Trans children are, perhaps the most emotinally vulnerable of us all in the Trans collective. As where we age and eventually develop a considerably thicker skin, we must presume, for their sake, words still hurt and wounds still run deep when we force them to become aware of the degree of rejection and alienation that awaits them in adulthood. We’re robbing them of something by making them public figures before they’ve even finished middle school, and that is their freedom to continue their childhood, undisrupted, by the scathing remarks of millions of strangers consuming their stories and creating a denigrating narrative. We cannot, in one breathe, claim it is necessary to educate, inspire and protect Trans youth while at the same time thrusting them into the spotlight and giving them the responsibility of representing our community. It’s not fair.

As Trans adults, we endure enough abuse, especially in this political climate. Here’s an example: A Media company took a post of mine from twitter and added it to their article with the headline “Transgender Activists sue North Carolina over Bathroom Bill.” If you didn’t bother reading the story, it’s easy to presume that I was that activist engaging in a lawsuit against the state. As a result of that, I received countless death threats; People messaging me claiming they hoped I would be raped and wishing I would “Get AIDS and die.” I was called sick, told I was going to hell if I didn’t change, and, of course, a plethora of bible passages were sent to me asserting the fact that I was an abomination to Christ as he created me. I know that if I was the recipient of that abuse from an article on a much smaller scale, I can’t imagine what these children are getting as a consequence of their much greater public presence. It isn’t even their choice to be splashed across these articles beneath controversial headlines. Their parents allow it, and our community champions it, without any consideration to the psychological and emotion damage sure to follow.

I know that our community has an insatiable hunger for Trans idols; so much so, that we have substituted them with CISgender icons like Lady Gaga and any trendy advocate we can embrace. While we do have the likes of Laverne Cox, Janet Mock, Jenny Boylan, Kate Bornstein among others who represent our movement and speak openly about our issues, we should not exploit young children and elevate them to the ranks of these wise, well versed women who are accustomed to handling the resistance we face daily.

The choice to position oneself as a community activist is a selfless act. One must have the ability to anticipate and prepare themselves for the reaction, the good and the bad, that their opinion and statement will fetch. For these children being plastered on the covers of national magazines or whose lives are put on display for reality television, they cannot possibly understand the long term implications. I can only think that their parents must have completely believed that these photoshoots that would hit every newsstand in the world was no different than a glamour shot session and perhaps they were just excited to see their child showcased like Honey Boo-Boo in a high profile campaign. I’m sure the money the Jennings are paid for exposing every nuance of their Trans daughter’s personal life is quite beneficial, possibly affording her a good college education and healthy start into adulthood. But is it worth the price she’s paying now?

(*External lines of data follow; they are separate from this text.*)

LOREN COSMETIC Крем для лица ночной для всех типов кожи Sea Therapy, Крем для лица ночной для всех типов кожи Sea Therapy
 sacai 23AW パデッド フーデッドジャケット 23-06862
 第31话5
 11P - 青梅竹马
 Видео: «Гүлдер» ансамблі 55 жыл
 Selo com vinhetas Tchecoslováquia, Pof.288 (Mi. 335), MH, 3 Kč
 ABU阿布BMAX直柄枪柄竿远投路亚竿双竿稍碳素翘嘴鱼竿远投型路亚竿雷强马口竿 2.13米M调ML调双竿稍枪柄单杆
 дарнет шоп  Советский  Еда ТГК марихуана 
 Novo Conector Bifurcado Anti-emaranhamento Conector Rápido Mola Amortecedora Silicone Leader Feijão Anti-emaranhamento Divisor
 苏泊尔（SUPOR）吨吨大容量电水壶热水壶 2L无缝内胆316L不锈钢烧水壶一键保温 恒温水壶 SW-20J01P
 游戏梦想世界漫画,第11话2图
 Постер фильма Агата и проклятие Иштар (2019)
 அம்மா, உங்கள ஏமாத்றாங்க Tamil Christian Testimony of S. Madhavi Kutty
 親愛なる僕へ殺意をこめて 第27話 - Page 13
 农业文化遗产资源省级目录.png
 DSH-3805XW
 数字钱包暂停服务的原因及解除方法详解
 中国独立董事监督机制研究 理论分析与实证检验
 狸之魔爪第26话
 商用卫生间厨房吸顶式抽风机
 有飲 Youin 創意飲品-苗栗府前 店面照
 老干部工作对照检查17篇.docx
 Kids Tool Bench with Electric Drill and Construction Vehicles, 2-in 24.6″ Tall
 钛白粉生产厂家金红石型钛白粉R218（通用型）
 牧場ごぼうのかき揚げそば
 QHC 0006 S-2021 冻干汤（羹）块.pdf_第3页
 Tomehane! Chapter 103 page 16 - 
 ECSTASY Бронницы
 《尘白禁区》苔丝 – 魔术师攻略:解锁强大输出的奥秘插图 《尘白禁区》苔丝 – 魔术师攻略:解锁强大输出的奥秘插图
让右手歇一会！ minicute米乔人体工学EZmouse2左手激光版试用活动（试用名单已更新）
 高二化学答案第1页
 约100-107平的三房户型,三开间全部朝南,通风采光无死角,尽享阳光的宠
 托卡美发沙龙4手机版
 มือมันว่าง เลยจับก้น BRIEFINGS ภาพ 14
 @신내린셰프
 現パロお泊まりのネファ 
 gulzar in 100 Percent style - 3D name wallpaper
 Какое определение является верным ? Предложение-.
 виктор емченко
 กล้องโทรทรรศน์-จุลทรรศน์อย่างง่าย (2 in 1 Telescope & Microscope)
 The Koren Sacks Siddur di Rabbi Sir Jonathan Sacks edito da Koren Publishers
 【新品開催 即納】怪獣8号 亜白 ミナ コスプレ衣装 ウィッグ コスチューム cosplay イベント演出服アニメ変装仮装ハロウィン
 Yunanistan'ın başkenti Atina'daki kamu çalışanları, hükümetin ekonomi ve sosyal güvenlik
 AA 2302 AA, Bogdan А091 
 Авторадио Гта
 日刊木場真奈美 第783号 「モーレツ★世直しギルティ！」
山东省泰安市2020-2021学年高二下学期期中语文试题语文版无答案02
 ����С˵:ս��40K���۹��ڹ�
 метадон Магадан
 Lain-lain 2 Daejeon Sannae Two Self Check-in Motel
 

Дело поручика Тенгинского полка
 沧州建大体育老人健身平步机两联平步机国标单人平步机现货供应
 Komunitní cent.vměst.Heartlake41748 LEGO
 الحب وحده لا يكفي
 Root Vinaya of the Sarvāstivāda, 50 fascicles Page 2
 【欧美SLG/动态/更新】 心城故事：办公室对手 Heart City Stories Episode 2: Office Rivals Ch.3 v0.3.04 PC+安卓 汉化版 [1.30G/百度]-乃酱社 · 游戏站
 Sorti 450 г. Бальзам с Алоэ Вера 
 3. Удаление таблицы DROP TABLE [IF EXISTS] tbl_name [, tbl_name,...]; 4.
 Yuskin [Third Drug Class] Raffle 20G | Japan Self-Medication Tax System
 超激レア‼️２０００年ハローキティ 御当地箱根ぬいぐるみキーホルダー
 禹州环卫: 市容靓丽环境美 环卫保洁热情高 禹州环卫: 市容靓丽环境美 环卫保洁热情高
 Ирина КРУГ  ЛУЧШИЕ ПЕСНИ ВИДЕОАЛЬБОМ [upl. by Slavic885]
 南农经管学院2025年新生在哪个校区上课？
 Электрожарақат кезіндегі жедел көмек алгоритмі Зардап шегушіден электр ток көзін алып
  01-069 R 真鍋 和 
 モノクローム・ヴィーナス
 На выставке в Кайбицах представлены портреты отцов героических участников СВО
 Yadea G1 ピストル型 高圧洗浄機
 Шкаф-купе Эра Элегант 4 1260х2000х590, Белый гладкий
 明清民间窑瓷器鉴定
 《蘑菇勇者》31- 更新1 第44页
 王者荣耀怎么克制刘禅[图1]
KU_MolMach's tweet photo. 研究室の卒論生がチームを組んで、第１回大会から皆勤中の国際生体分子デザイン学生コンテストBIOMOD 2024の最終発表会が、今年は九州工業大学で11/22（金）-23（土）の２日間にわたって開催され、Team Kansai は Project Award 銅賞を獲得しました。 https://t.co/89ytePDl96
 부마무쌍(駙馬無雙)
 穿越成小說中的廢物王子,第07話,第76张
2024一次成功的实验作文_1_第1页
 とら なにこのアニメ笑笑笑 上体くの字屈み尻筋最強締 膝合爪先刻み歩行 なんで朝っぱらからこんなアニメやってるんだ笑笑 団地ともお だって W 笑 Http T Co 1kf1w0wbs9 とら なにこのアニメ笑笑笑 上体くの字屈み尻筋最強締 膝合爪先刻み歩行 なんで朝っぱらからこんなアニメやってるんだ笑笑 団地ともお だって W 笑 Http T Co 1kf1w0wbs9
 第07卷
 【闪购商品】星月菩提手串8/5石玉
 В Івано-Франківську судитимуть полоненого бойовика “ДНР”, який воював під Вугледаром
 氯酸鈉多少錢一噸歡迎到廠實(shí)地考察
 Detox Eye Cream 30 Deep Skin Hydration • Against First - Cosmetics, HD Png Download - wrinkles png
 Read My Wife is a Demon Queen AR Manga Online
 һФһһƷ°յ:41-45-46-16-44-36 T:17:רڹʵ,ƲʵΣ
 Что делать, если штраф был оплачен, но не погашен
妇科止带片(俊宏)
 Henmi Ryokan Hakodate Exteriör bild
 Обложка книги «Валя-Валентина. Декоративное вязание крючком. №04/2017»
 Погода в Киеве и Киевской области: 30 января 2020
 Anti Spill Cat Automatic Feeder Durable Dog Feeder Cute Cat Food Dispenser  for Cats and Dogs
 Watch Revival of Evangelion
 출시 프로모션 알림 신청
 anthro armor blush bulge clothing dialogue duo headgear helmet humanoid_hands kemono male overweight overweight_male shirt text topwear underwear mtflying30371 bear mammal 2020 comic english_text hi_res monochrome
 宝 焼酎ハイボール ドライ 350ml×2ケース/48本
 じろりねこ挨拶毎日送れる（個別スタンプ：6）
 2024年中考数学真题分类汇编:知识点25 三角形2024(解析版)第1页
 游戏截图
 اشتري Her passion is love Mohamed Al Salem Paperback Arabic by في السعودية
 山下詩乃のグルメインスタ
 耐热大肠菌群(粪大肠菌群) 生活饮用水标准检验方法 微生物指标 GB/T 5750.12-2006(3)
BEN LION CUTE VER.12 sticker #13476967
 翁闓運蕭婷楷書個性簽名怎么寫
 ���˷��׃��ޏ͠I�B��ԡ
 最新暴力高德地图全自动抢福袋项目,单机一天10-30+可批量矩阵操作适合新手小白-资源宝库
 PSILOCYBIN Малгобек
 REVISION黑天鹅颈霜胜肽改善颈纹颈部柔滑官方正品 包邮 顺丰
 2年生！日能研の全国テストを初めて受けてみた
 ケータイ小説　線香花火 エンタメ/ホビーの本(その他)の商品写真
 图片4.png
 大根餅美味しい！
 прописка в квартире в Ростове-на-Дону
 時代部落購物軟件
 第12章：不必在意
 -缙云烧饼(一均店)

I’m all for bringing attention to the threats faced by Trans youth, and there are plenty of them; Homelessness, violence, mental health impairments, even murder. They need awareness. They need allies. Their struggles require mainstream attention. But we absolutely cannot cast a few of our already vulnerable children and make them our own personal Dalai Lama, posturing them before the world to gawk at and discuss like specimens instead of people. Trans youth awareness can be achieved while still vehemently protecting their privacy, the sensitivity of their development and ultimately, their ability to reach their potential without the hindrance of being placed squarely in the court of public opinion.